HOW TO COMPLETE THIS TASK: Beneath this line are entries. Copy the range from the line with "conference in London" to the line with "У РФ посилюють", ends included, exactly; leave pictures out.

Start of SUPPLIED MATERIAL

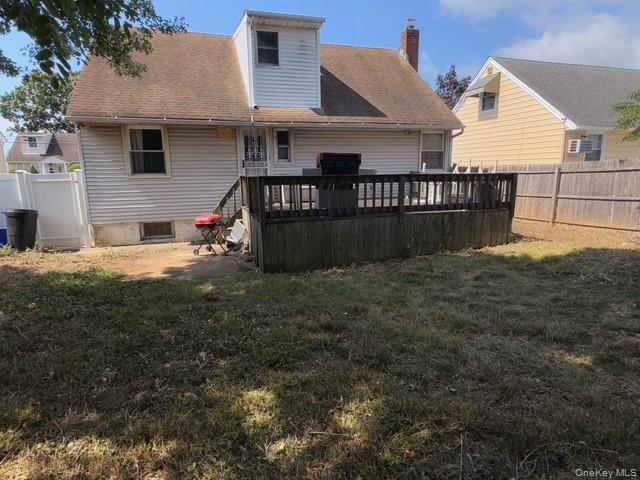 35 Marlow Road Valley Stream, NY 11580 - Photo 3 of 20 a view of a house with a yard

End of SUPPLIED MATERIAL
Start of SUPPLIED MATERIAL

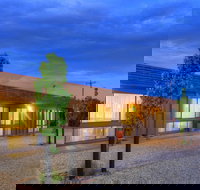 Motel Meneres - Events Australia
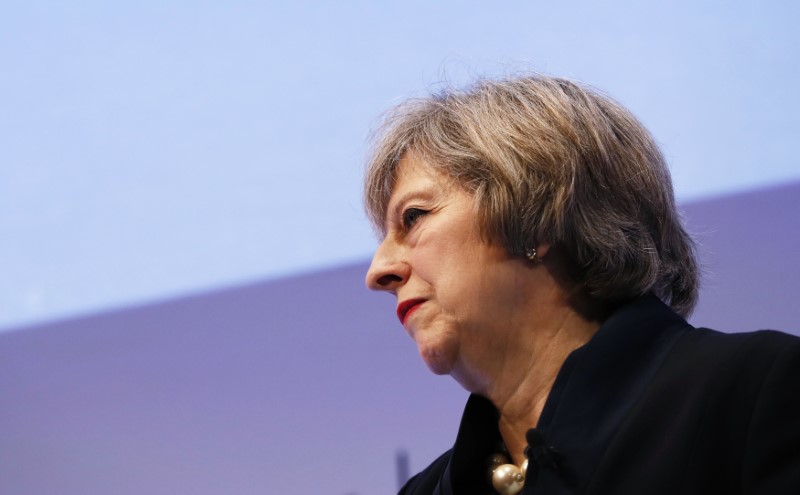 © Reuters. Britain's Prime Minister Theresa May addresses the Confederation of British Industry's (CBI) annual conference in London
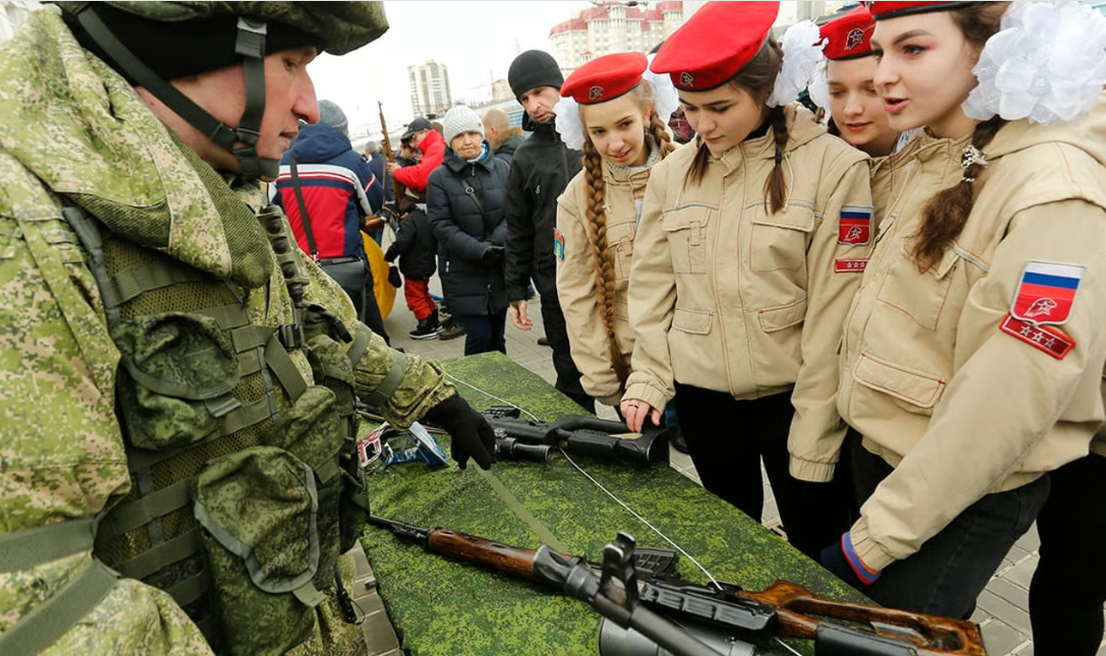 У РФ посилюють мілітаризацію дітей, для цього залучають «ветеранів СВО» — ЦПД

End of SUPPLIED MATERIAL

ANSWER SECTION:
 © Reuters. Britain's Prime Minister Theresa May addresses the Confederation of British Industry's (CBI) annual conference in London
 У РФ посилюють мілітаризацію дітей, для цього залучають «ветеранів СВО» — ЦПД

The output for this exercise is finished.